# **Data Mining for Confidence Level Detection**

Lydia Lonzarich and Katie Park

CPSC 322-01, Fall 2025

# Import Libraries

In [None]:
import importlib

import mysklearn.myclassifiers
importlib.reload(mysklearn.myclassifiers)
from mysklearn.myclassifiers import MyRandomForestClassifier, MyDecisionTreeClassifier, MyNaiveBayesClassifier, MyDecisionTreeSolo

import mysklearn.myutils
importlib.reload(mysklearn.myutils)
import mysklearn.myutils as myutils

import mysklearn.myevaluation
importlib.reload(mysklearn.myevaluation)
import mysklearn.myevaluation as myevaluation

import mysklearn.mypytable
importlib.reload(mysklearn.mypytable)
from mysklearn.mypytable import MyPyTable

import matplotlib.pyplot as plt

# **Introduction**

## Dataset Description

The dataset used for this project is called "Confidence Detection Dataset," from Kaggle: https://www.kaggle.com/datasets/muhammadkhubaibahmad/confidence-detection-dataset

</br>

The dataset contains features extracted from human body landmarks and postures to classify confidence levels, which is also what is being classified for this project.


# Findings

3 different classifiers were used on the dataset:
1. Random Forest Classifier
1. Decision Tree Classifier
1. Naive Bayes Classifier

After using all 3 classifiers on the dataset, the classifier that performed the best was the Naive Bayes Classifier.

# **Data Analysis**

# Dataset Information

The dataset includes 19 attributes and 1 target (as defined by the dataset author), with 5,950 rows in total.

The class that is predicted from the attributes is "confidence_label," which can contains the class labels:
1. confident
2. neutral
3. low

</br>

Although there are 19 attributes used to classify confidence_label, only 9 attributes were used in the different classifier approaches.

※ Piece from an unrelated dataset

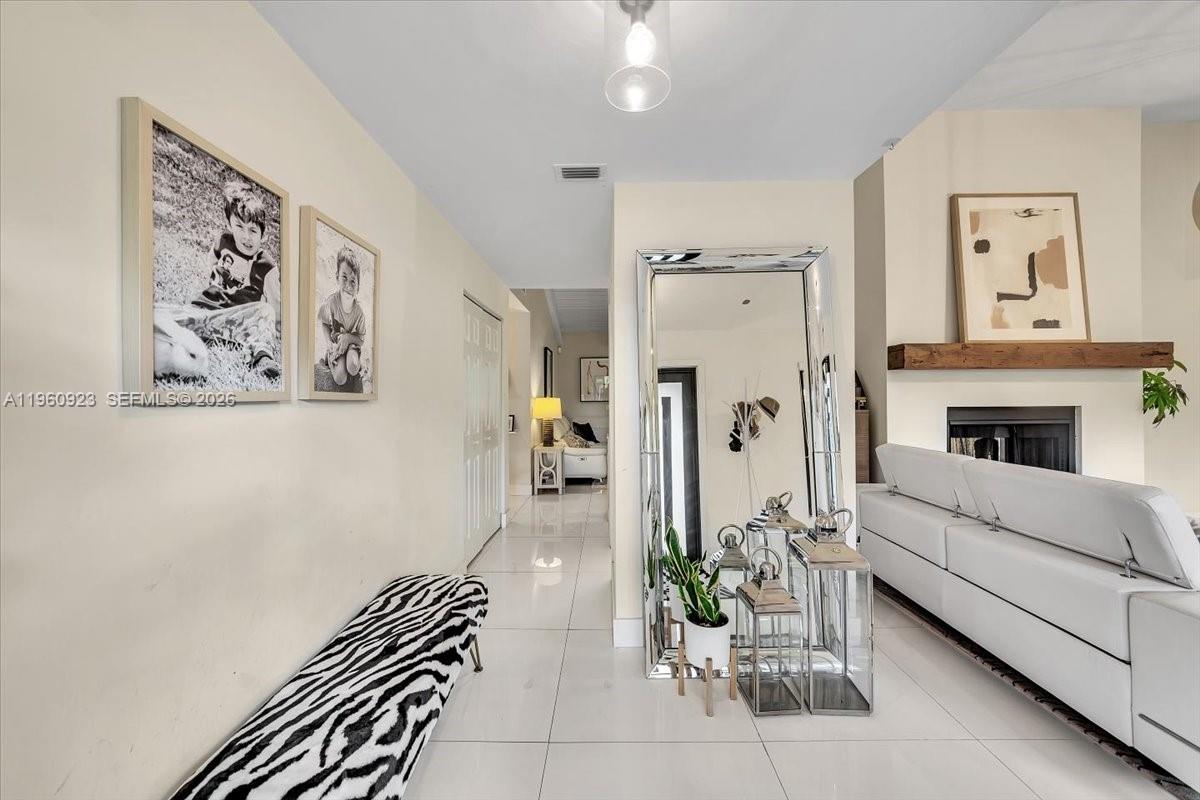 OAK WOOD - Residential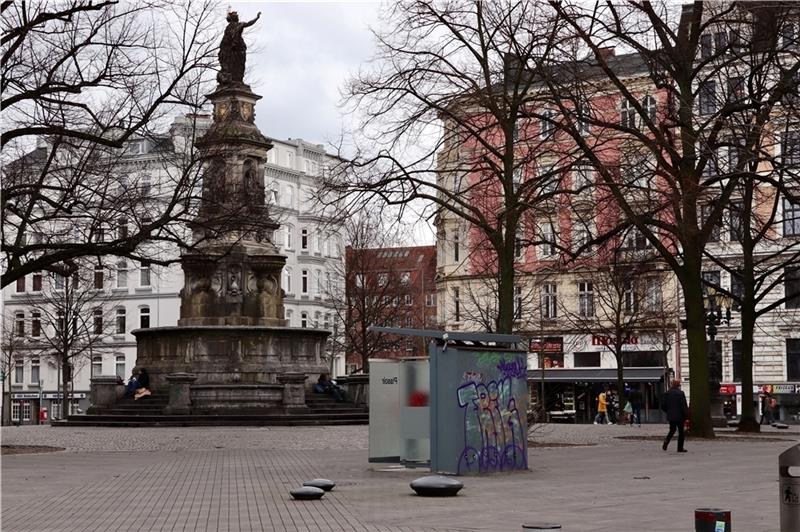 Der Hansaplatz ist der größte Kriminalitäts-Hotspot in Hamburg, deshalb soll er überwacht werden. Foto Lorenz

The 9 attributes were chosen as they were the only attributes that could be changed based on confidence level. Certain attributes in the dataset, such as "eye_distance," for example, which represents the distance between eyes, do not change if a person is confident or not, and so only attributes that were deemed to be possible predictors for confidence_label were used. These attributes include:
1. "body_lean_x"
    * A float value representing the horizontal body lean ratio
1. "shoulder_center_x"
    * A float value representing the X-coordinate of the shoulder center
1. "hip_center_x"
    * A float value representing the X-coordinate of the hip-center
1. "spine_angle"
    * A float value representing the spine inclination angle in degrees
1. "head_tilt_angle"
    * A float value representing the head tilt angle in degrees
1. "shoulder_slope"
    * A float value representing the slope of the shoulder line
1. "head_direction"
    * A categorical value representing the head orientation (can be "Looking Straight," "Center," "Looking Right," or "Looking Left")
1. "arm_position"
    * A categorical value representing the arm position (can be "Partially Open," "Closed Arms," or "Open Arms")
1. "posture"
    * A categorical vaue representing the general body posture (can be "Upright," "Stiff," or "Slouched).


# Dataset Loading

Below, the dataset is extracted and saved as a MyPyTable object. A copy is then created, as all the float values will undergo normalization and discretization for algorithm compatibility for all classifiers. The copy will ensure the original dataset's values are not changed, retaining its true values.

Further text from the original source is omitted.